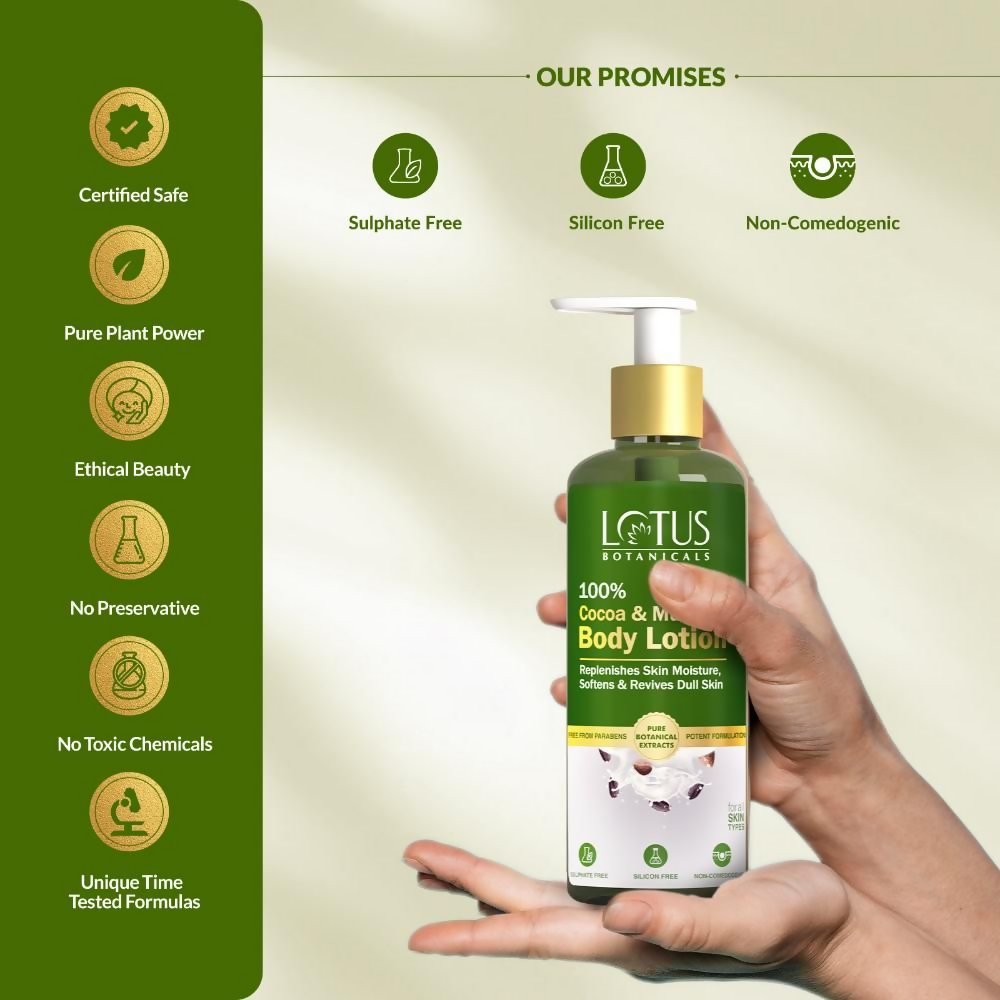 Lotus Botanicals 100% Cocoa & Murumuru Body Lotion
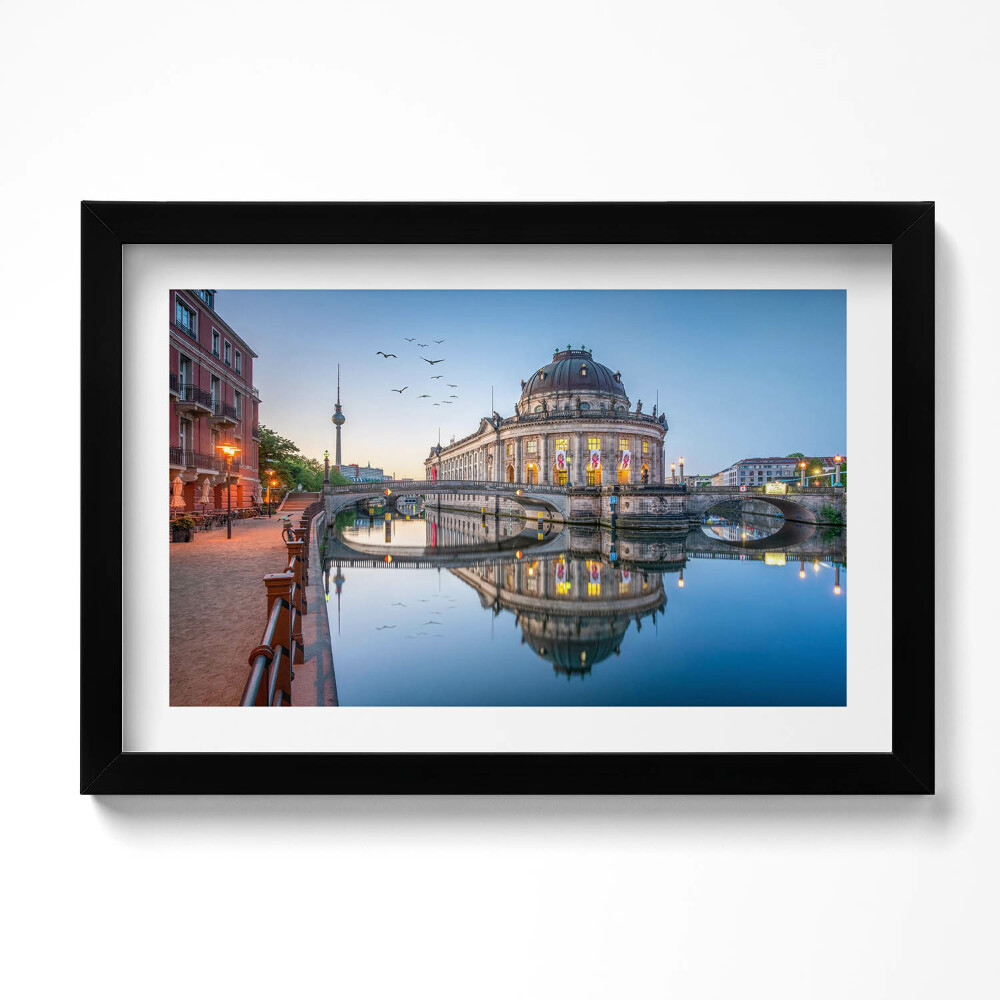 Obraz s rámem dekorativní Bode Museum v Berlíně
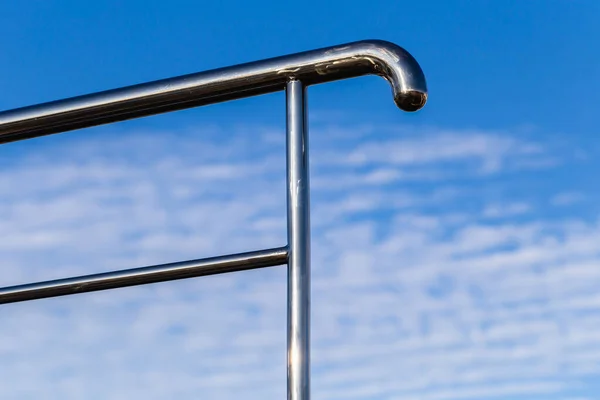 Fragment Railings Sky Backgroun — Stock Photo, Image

* * *

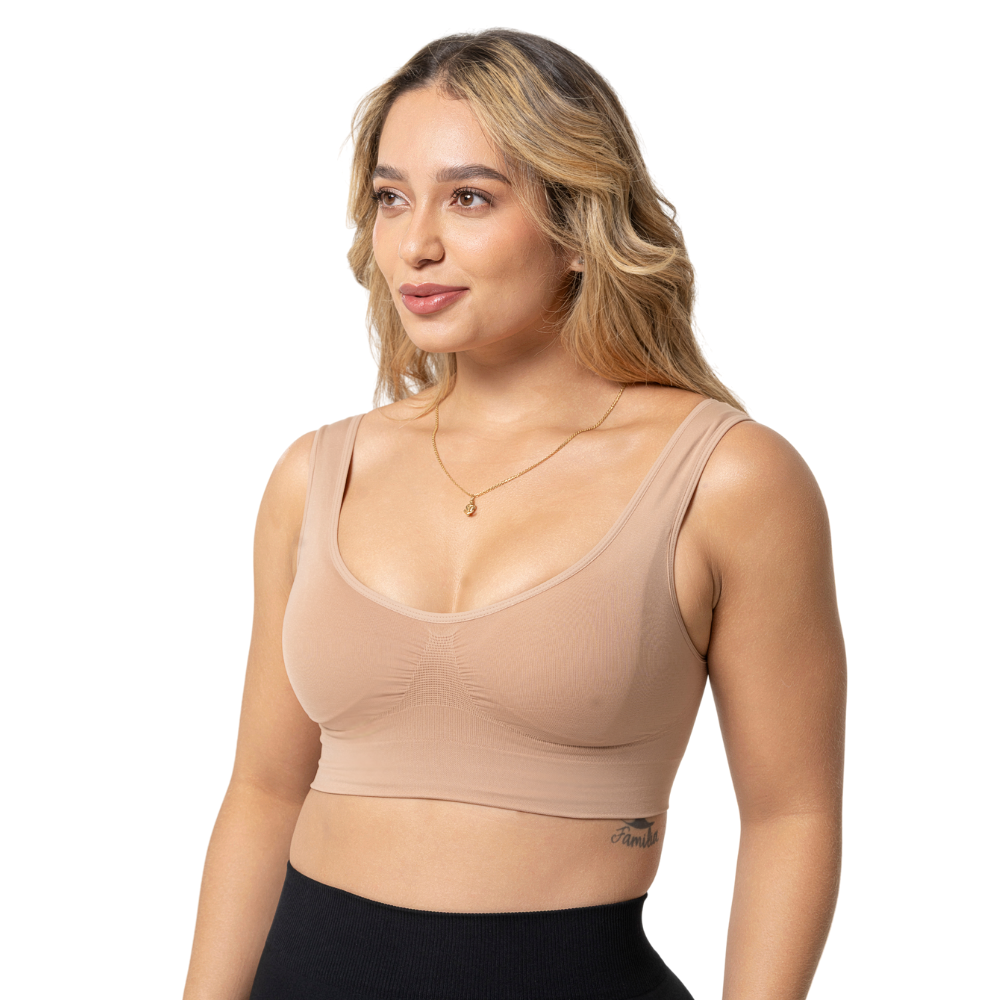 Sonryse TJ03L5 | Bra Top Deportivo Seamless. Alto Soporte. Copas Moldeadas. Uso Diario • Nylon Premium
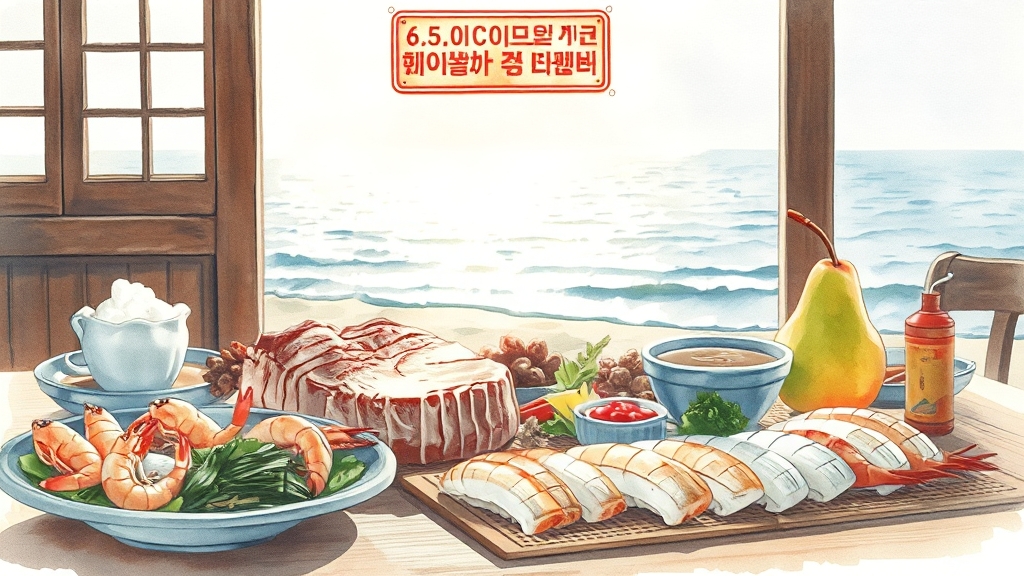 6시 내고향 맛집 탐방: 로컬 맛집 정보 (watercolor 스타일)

* * *

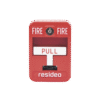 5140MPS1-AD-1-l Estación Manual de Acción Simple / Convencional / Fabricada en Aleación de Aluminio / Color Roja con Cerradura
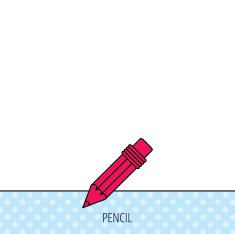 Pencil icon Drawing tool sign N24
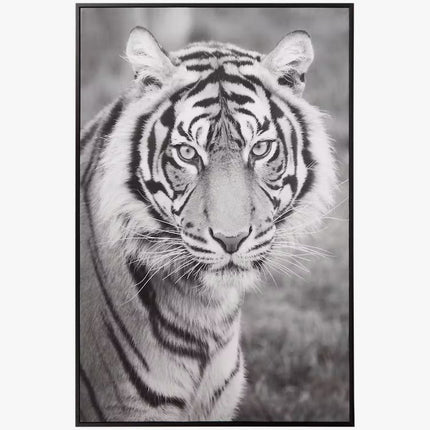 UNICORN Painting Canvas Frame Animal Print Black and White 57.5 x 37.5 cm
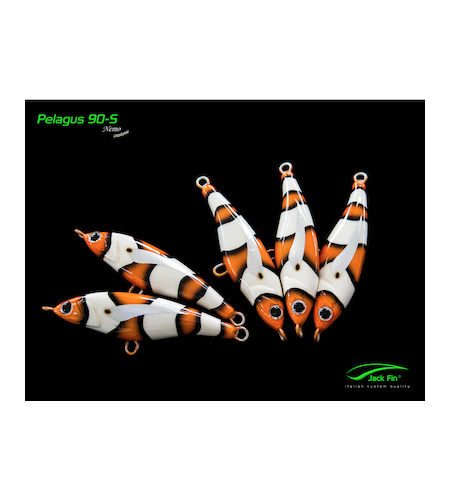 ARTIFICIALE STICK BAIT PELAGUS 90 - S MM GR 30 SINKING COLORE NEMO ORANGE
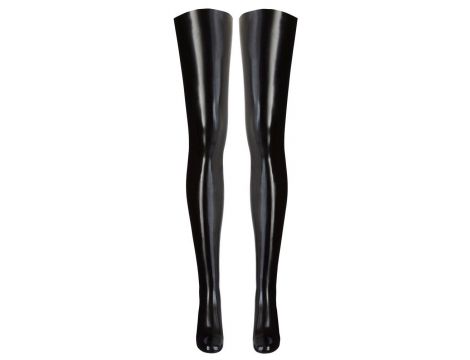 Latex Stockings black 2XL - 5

__What the task requires__:
Within the entries above, give again exactly the lines starting at the one that contains "UNICORN Painting Canvas" and ending at the one that contains "Latex Stockings black 2XL - 5", leaving out the pictures.

__Solution to this task__:
 UNICORN Painting Canvas Frame Animal Print Black and White 57.5 x 37.5 cm
 ARTIFICIALE STICK BAIT PELAGUS 90 - S MM GR 30 SINKING COLORE NEMO ORANGE
 Latex Stockings black 2XL - 5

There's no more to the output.